一方、働く時間自体は大きく減ったのに、効率性・生産性はアメリカに来て格段に上がった。一度に担当できるプロジェクトの数も、そこから達成する成果の量も、アメリカに来て圧倒的に多くなった。僕個人の問題だけではない。会社全体で、効率性、生産性がアメリカで働く方が圧倒的に高い。自分が年を食い、知識や経験が豊富になり仕事効率が上がったこともあるにはあるだろう。でも、それ以上に自分が本当にやらなければならないことだけに集中でき、自分がやらなくてもよいことは他人にやってもらうという分業が進んでいることが最も大きな要因だ。

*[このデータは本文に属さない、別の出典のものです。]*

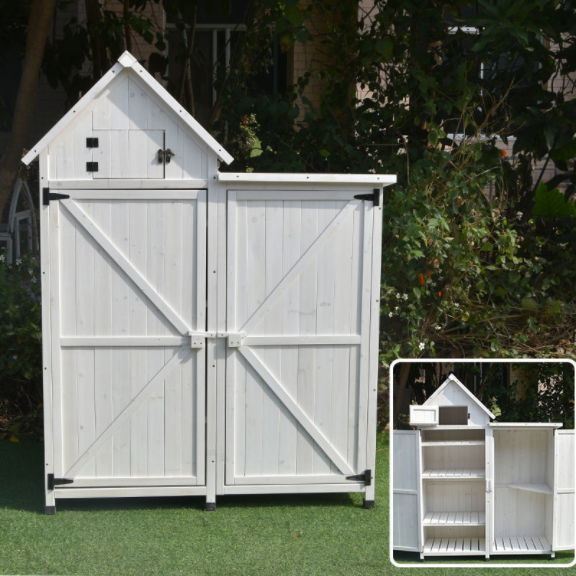 Outdoor solid wood storage storage cabinet garden courtyard balcony cabinet rain boots shovel tool cabinet rainproof mold storage box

例えば、自分のプロジェクトで新たな試験を行う場合、まず最初に自分がやらなくてはならないことは、その試験の根幹となる構想を練ることだ。構想を練って、それをチームの仲間に伝えたら、あとの雑務はチームのそれぞれの専門担当者がやってくれる。試験自体は、外注して専門業者にやってもらう。試験の契約、試験に使う材料の送付、その他の細かなやり取りは、それぞれの専門担当に全部任せる。自分は自分のプロジェクトの根幹にかかわる重要点をチェックすれば良い。試験の結果が出れば、根幹に関わる重要点だけを確認する。細かいデータの解析は専門職に任せる。レポートもほとんどはメディカルライターに任せる。自分の専門分野で本当に大切な部分の記述のみをチェックすればよい。自分の大切な時間の大部分を本当に自分にしかできない自分の専門分野に使うことができる。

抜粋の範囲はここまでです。